[Materials provided Boundary: Start]

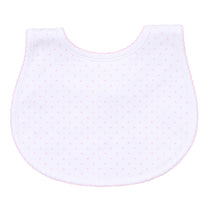  Mini Dots Bib - Pink - Magnolia BabyBib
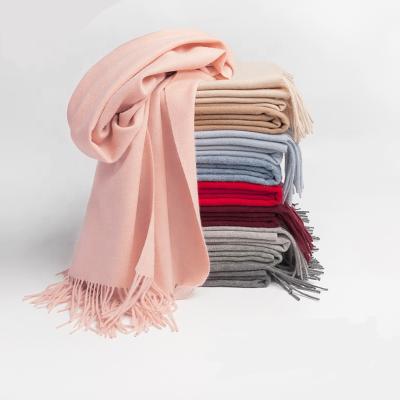 China Daily life manufacture direct jacquard thick woolen scarf shawl for men and women for sale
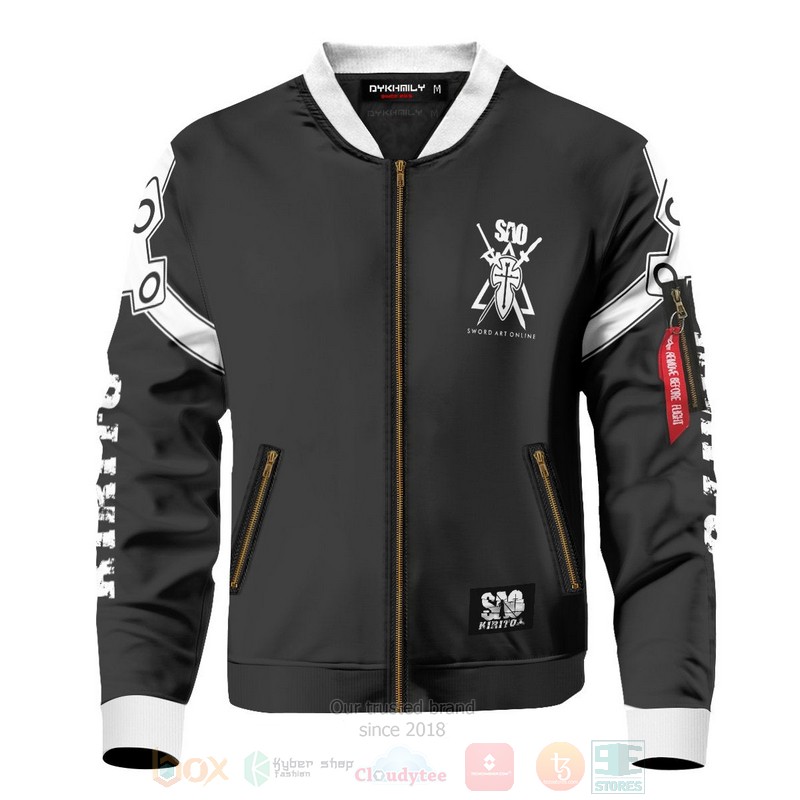 Anime Kazuto Kirigaya Bomber Jacket Anime Kazuto Kirigaya Bomber Jacket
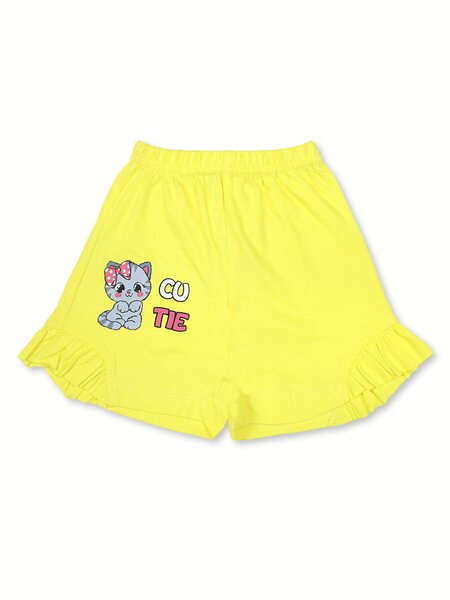 Шорты Девочкам Bonito Жёлтый Котёнок (фото 1)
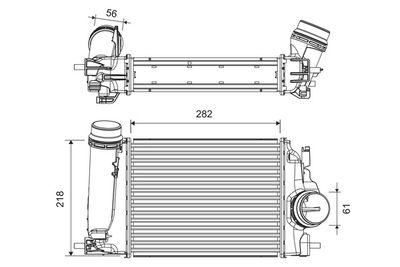 Charge Air Cooler VALEO 818317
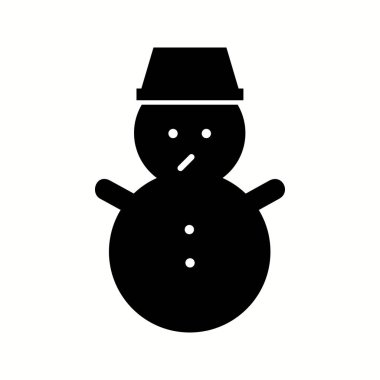 Güzel Kardan Adam glyph siyah simgesi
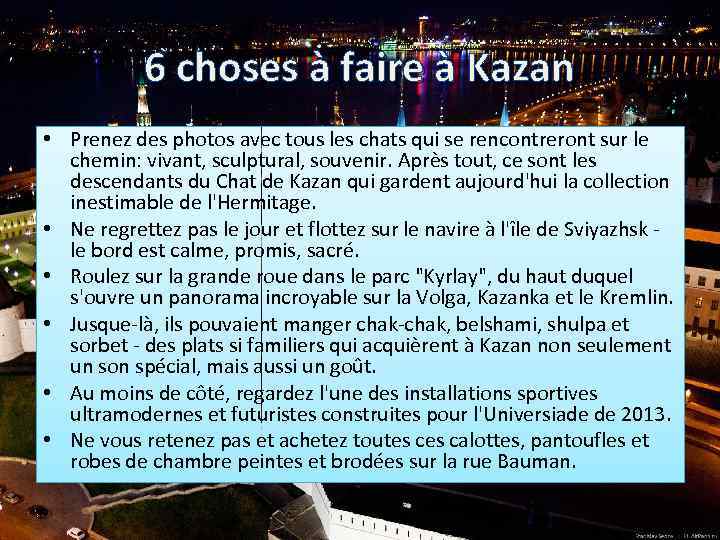 6 choses à faire à Kazan • Prenez des photos avec tous les chats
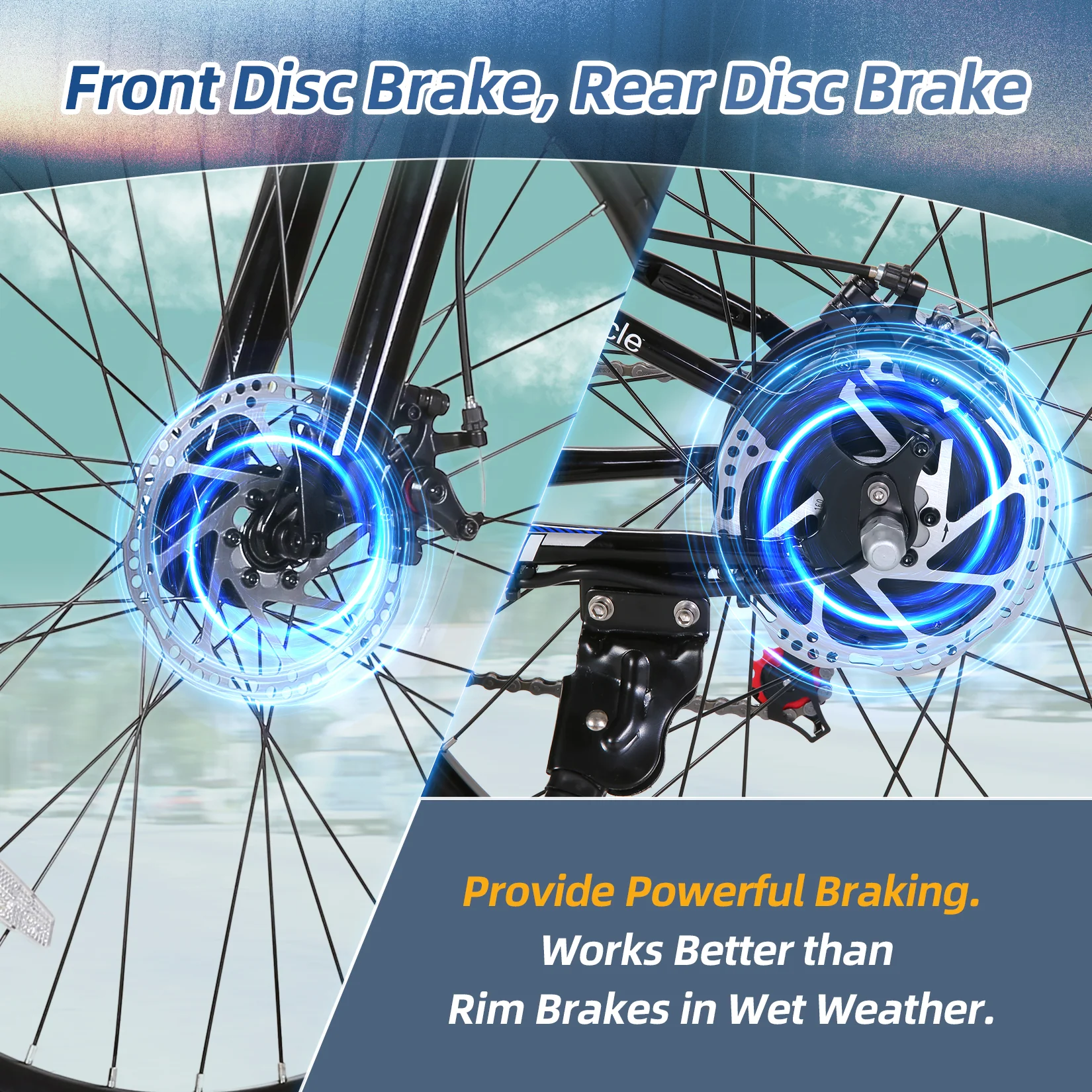 VIVI M026TGBUL Electric Bike Foldable Full Suspension Electric Mountain Bike SGS Certified to UL2849 - Image 7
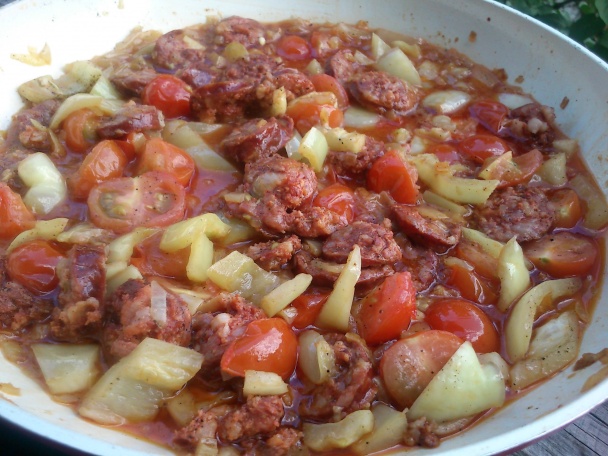 Jambalaya z klobásy (fotorecept) - obrázok 5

[Materials provided Boundary: End]

Any picture in the listing is to be omitted. Return exactly the lines from the one containing "Шорты Девочкам Bonito" through its last line, both included, and only those.

■ Exercise answer
 Шорты Девочкам Bonito Жёлтый Котёнок (фото 1)
 Charge Air Cooler VALEO 818317
 Güzel Kardan Adam glyph siyah simgesi
 6 choses à faire à Kazan • Prenez des photos avec tous les chats
 VIVI M026TGBUL Electric Bike Foldable Full Suspension Electric Mountain Bike SGS Certified to UL2849 - Image 7
 Jambalaya z klobásy (fotorecept) - obrázok 5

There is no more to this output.